“Cover and camouflage” used to be the general job of swimwear for those of us without mannequin-perfect bodies. Occasionally, we’d refer to a chart that would direct us to the “correct” features for our body type. Big tummy? Try ruching. Flabby behind? Go for the skirtini. Thankfully, those rules are on their way out. Today, a more positive, beauty-affirming approach removes much of the focus on body type, says Audrey Beaulac, an elite style strategist and the “secret weapon” of prominent executives, entrepreneurs, and change agents.

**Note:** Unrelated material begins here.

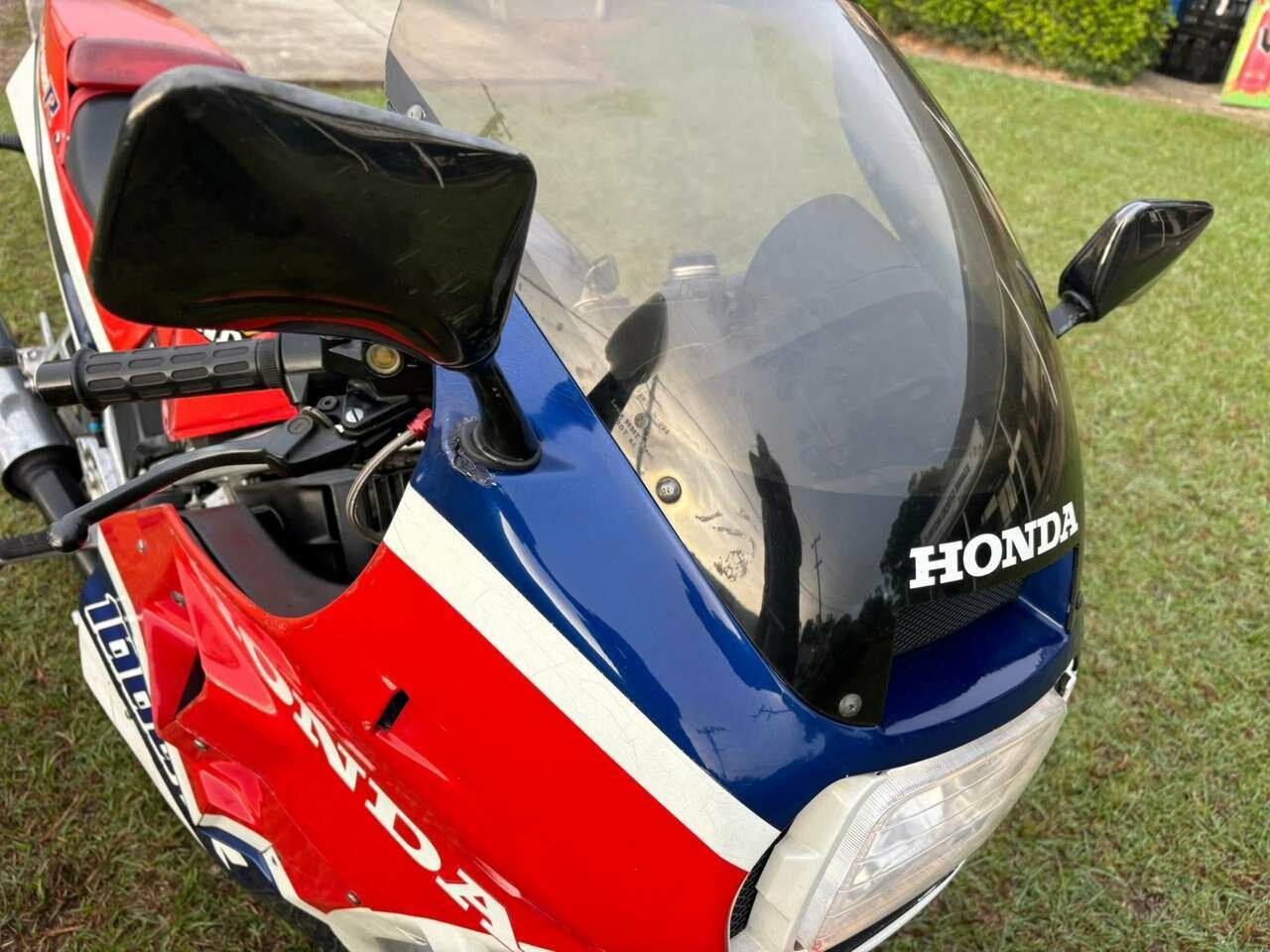 1985 HONDA VF1000R ROAD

“Instead of focusing on body type, look at your individual proportions and select your suit according to those—your intended look and lifestyle—and create them with different shapes,” Beaulac says. In other words, accentuate the positive.
And if you fear the dreaded string of fluorescent-lit fitting-room failures, don’t. Go online (Zappos and Nordstrom offer free shipping and free returns) and order anything that looks like a safe bet, plus a few pieces out of your comfort zone.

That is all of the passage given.